Accordingly, this study seeks to examine the nature of pathological hoarding among children and adolescents with ADHD. We had five specific research questions:
Research Question 1: What is the frequency of clinically significant hoarding behaviors among children with ADHD?
Research Question 2: Do children with ADHD who hoard differ in clinical characteristics relative to nonhoarding children with ADHD?
Research Question 3: To what extent are hoarding symptoms associated with symptoms of inattention and/or hyperactivity/impulsivity?
Research Question 4: Do ADHD symptoms predict hoarding behaviors more robustly than nonhoarding obsessive-compulsive symptoms?
Research Question 5: Do hoarding symptoms mediate the relationship between ADHD symptom severity and disruptive behaviors?
Within such a model, ADHD severity is hypothesized to increase hoarding, which in turn increases disruptive behavior by virtue of limit setting, having to discard possessions, and child frustration due to an inability to meet the demands of organization due to impairment.
Method
Participants and Procedures
Participants included 99 treatment-seeking children and adolescents diagnosed with ADHD who were seen in a general outpatient child and adolescent psychiatry clinic. All participants had a primary or coprimary diagnosis of ADHD according to the Diagnostic and Statistical Manual of Mental Disorders (4th ed., text rev.; DSM-IV-TR; American Psychiatric Association, 2000). Diagnoses were determined via best estimate procedures (Leckman, Sholomaskas, Thompson, Belanger, & Weissman, 1982) in which consensus between two psychiatrists (one the treating clinician) regarding the ADHD diagnosis and the presence of comorbid diagnoses was required for inclusion. In this procedure, all available information was incorporated into ascertaining an accurate diagnostic profile. This involved having two attending psychiatrists experienced in pediatric ADHD examine past clinical records and review participants’ completed measures as part of this study. Participants were excluded in the absence of 100% agreement for the ADHD or comorbid diagnoses or if diagnosed with psychosis, autism spectrum disorder, or mental retardation.
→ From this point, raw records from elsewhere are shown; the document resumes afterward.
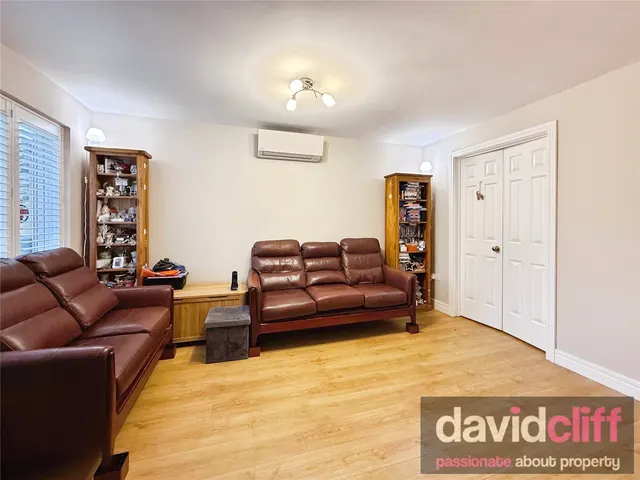 The Glade, Mytchett, GU16, photo 3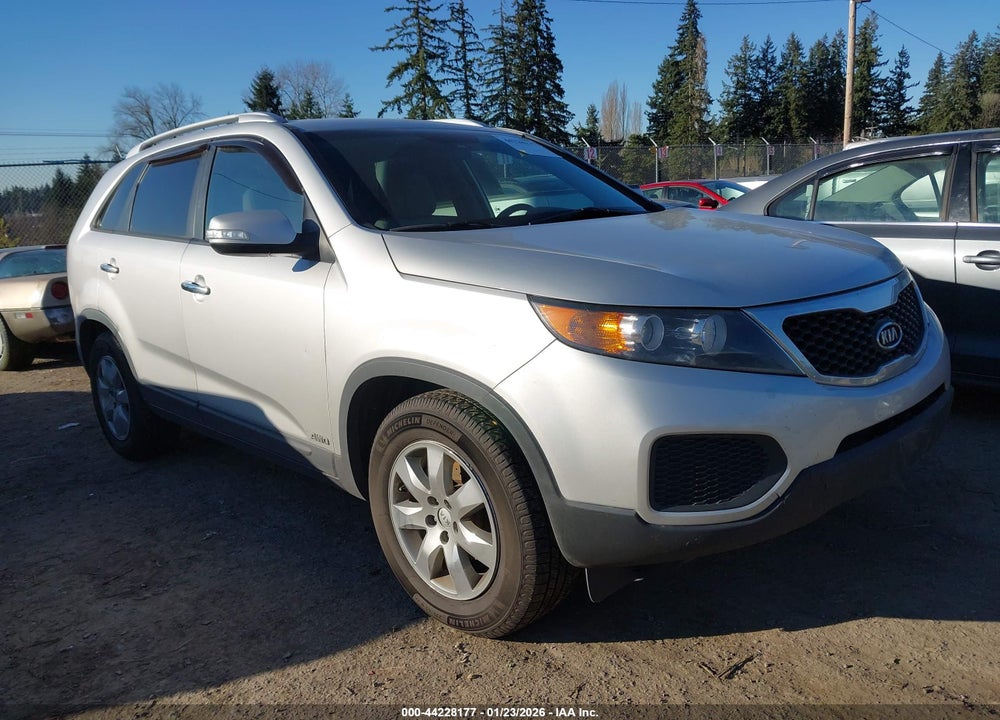 2013 KIA SORENTO LX V6 VIN: 5XYKTDA21DG389707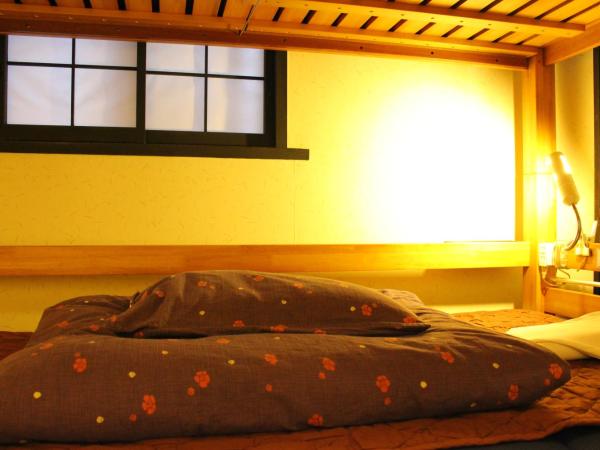 K's House Tokyo Oasis - Quality Hostel in Asakusa : photo 2 de la chambre lit simple dans dortoir mixte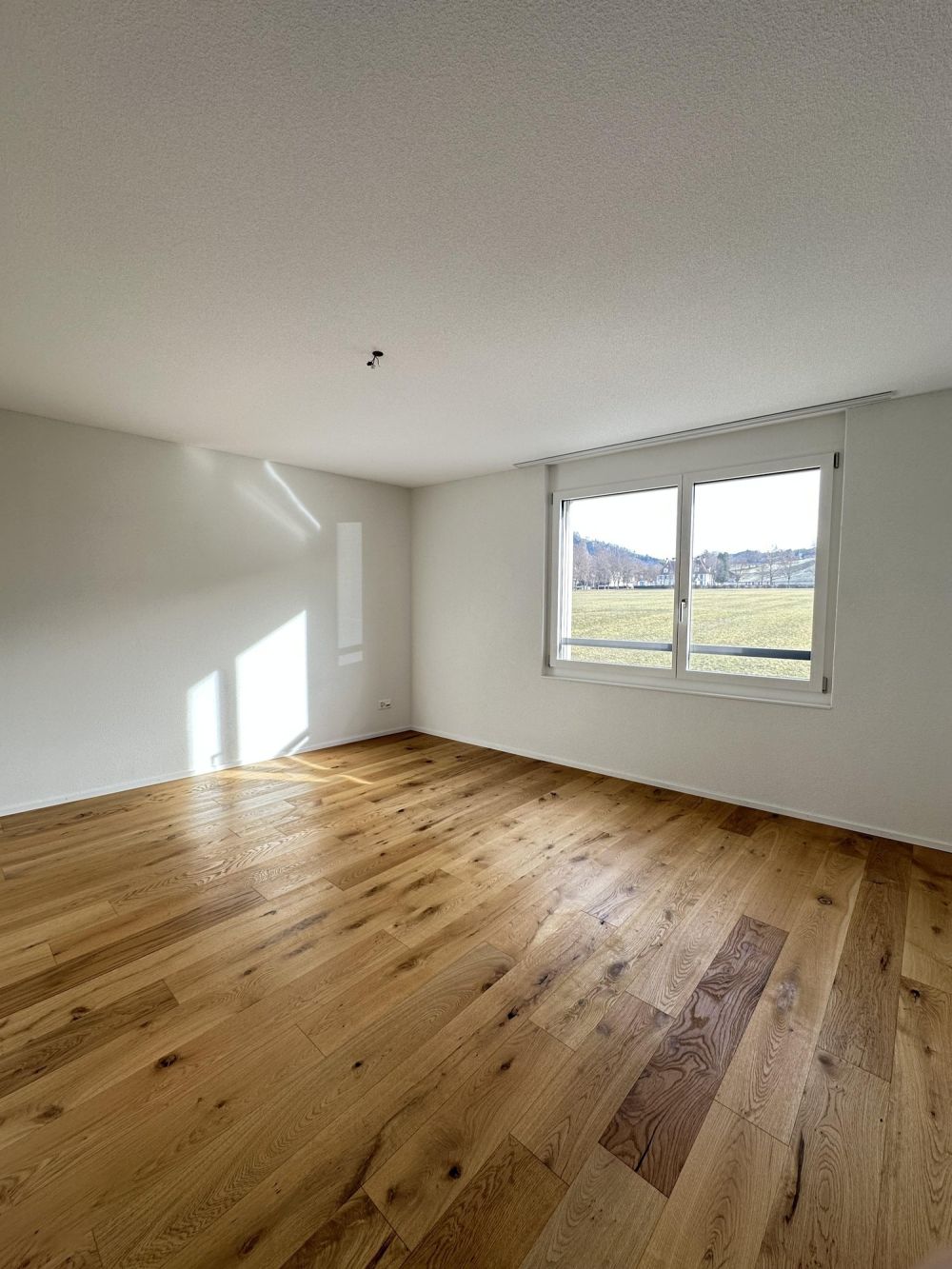 Neubauwohnung mit Blick ins Grüne - Bild 5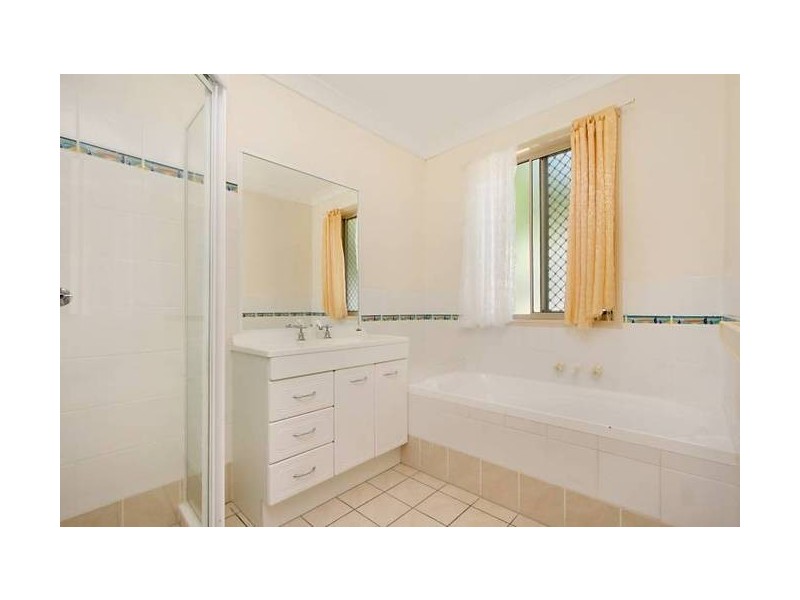 21 Laurina Court, Elanora QLD 4221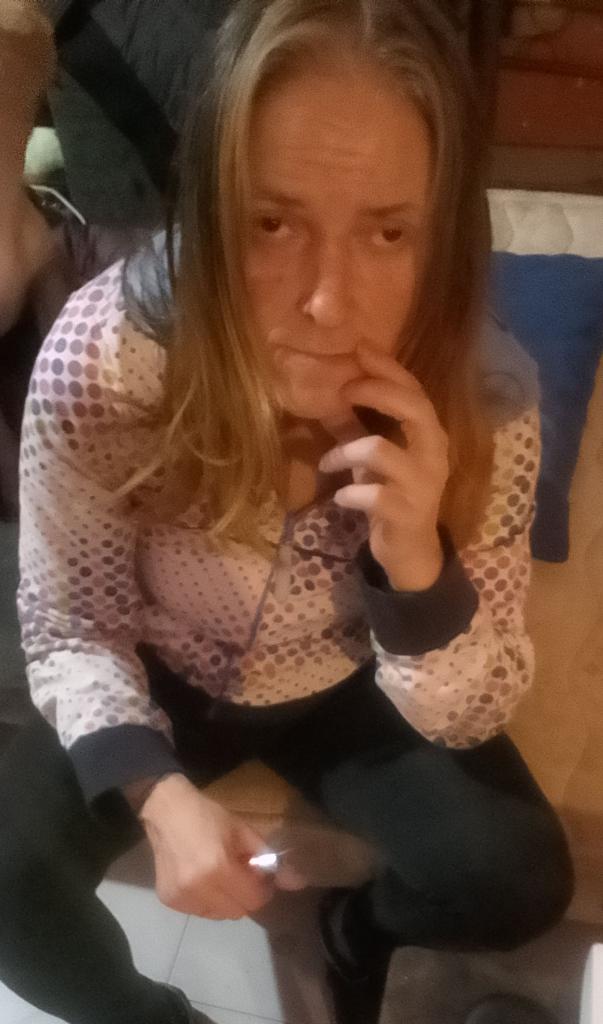 684633474: Chica busca chico en Asturias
Sample demographics are shown in Table 1. The sample consisted of 99 children outpatients (35% female) diagnosed with primary ADHD-inattentive (20.2%) or ADHD-combined type (79.8%). Ages of participants ranged from 8 to 17 years (M = 11.54, SD = 2.5 years). Race and ethnicity were reported as the following: 89% Caucasian, 1% Asian/Pacific Islander, 5% African American, and 3% Hispanic. A total of 68 participants (68%) were diagnosed with a comorbid psychiatric disorder.
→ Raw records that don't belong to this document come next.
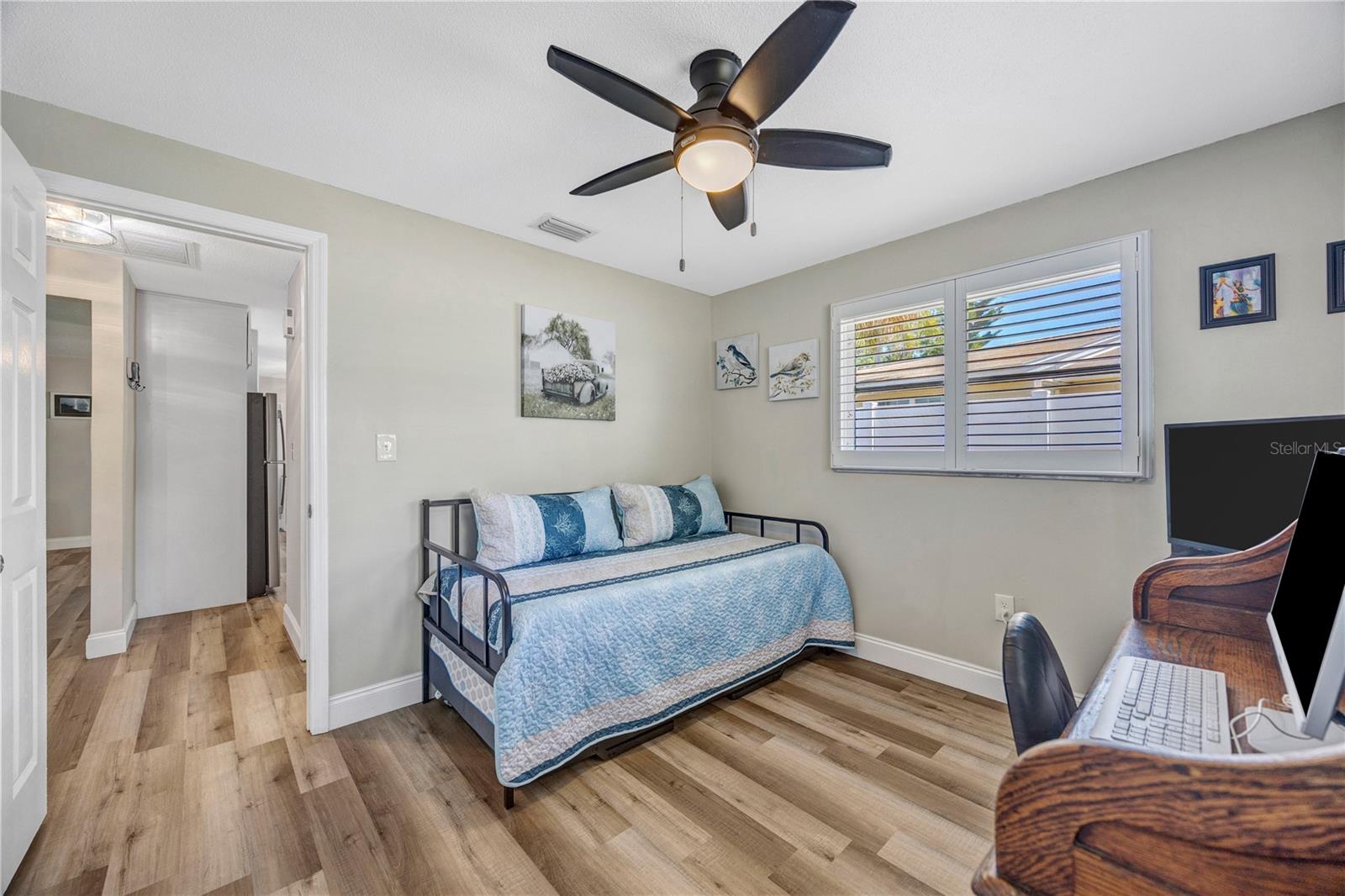 Image 24 of 59 For 2155 Edythe Dr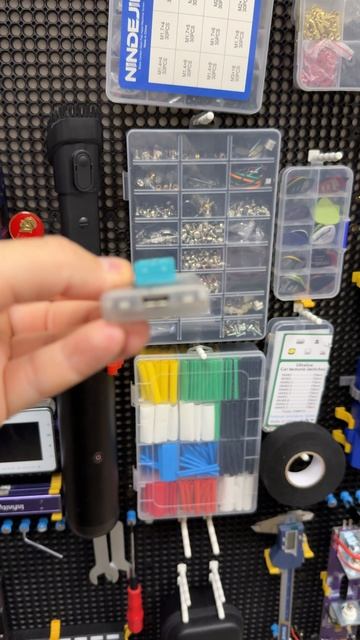 Российский программатор шьет Bios прищепкой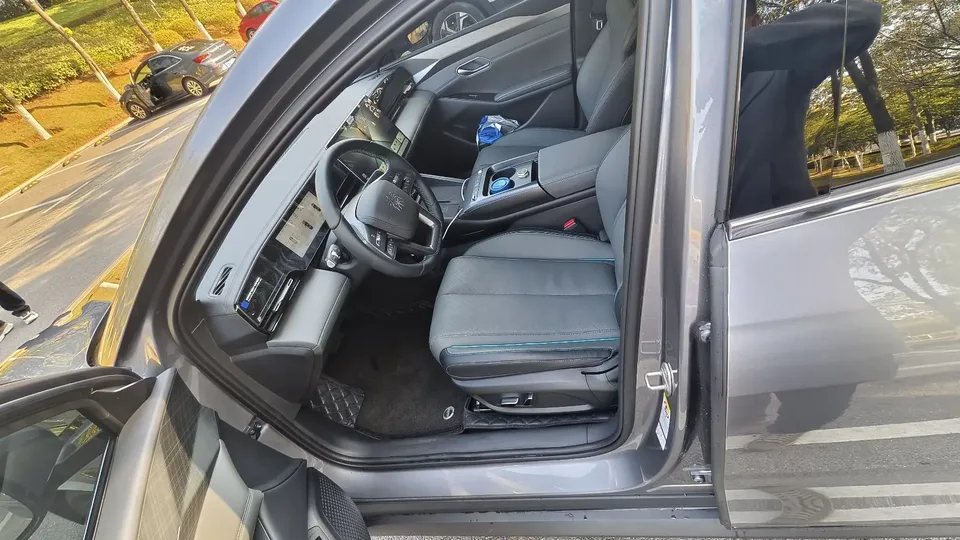 BYD Qin L EV 545KM Yunnian Edition 2025 — миниатюра 5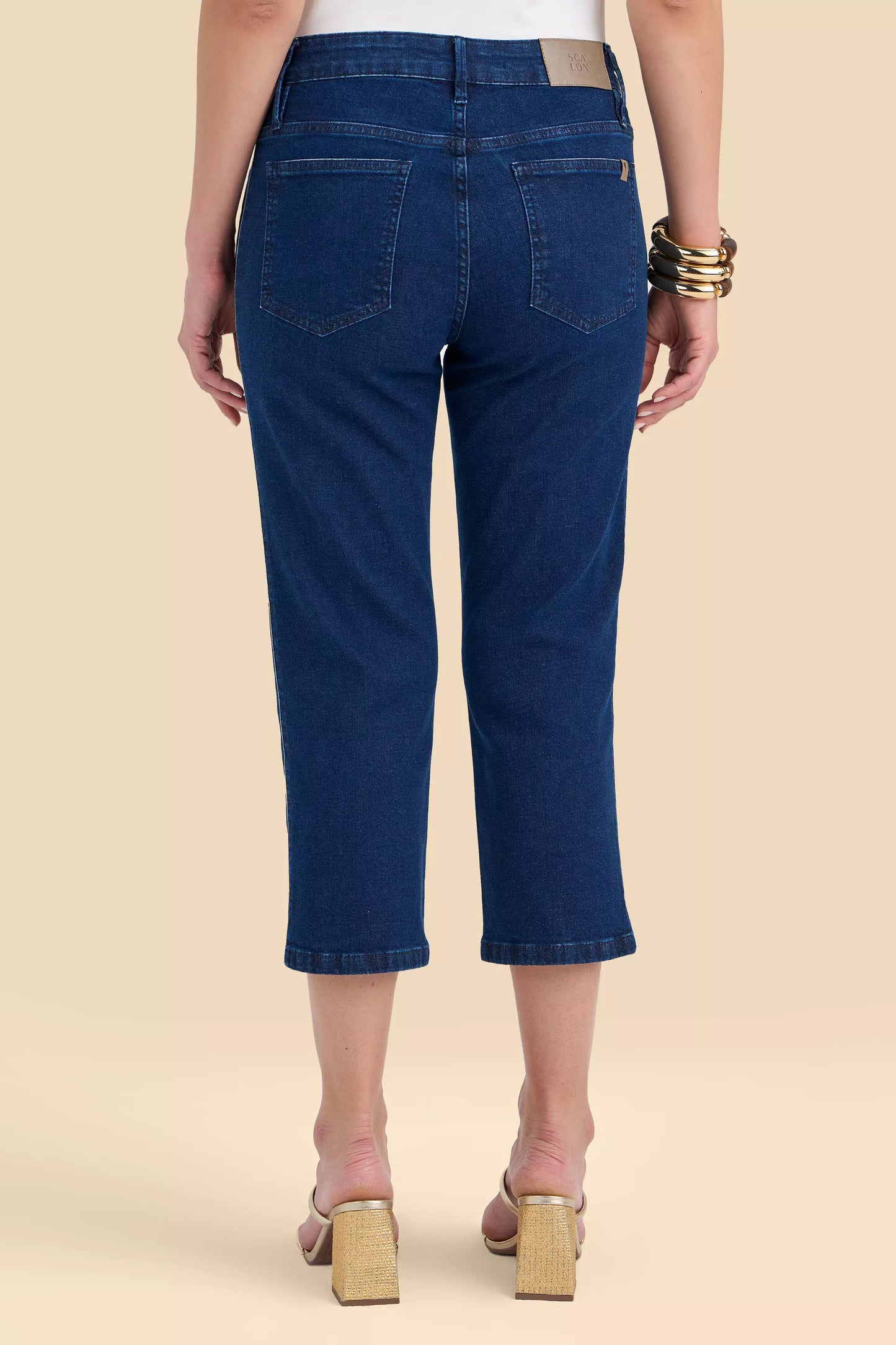 calça jeans cropped cintura intermedíaria com recorte lateral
Sample Characteristics of Hoarders and Nonhoarders Among Youth With ADHD.
Note. OCD = obsessive-compulsive disorder; CSI = Children’s Saving Inventory; VAND-ODD = Vanderbilt ADHD Diagnostic Rating Scale–Oppositional Defiant Disorder.
p < .01. **p < .001.
Permission to conduct this research was approved by the local institutional review board, and written parental consent and child assent were collected before initiating study procedures. Following the participant’s regularly scheduled appointment with the clinician, those participants who met study inclusion criteria and were interested in participating were referred to research staff. Thereafter, a trained member of the research staff reviewed all consent and assent forms and all measures with both parent and child. To protect confidentiality, the parent and child were provided with separate rooms to independently complete questionnaire measures. A member of the research staff remained available to answer any questions and/or assist the child in completing the assessment packet.
Measures
Demographic Information Form
The Demographic Information Form is an intake form collecting the following information from the parent: his or her relationship to child, socioeconomic status, parents’ education level, family structure (married, single, divorced, etc.), child’s age, gender, grade level, current psychiatric medication, and other treatment being received (e.g., psychotherapy).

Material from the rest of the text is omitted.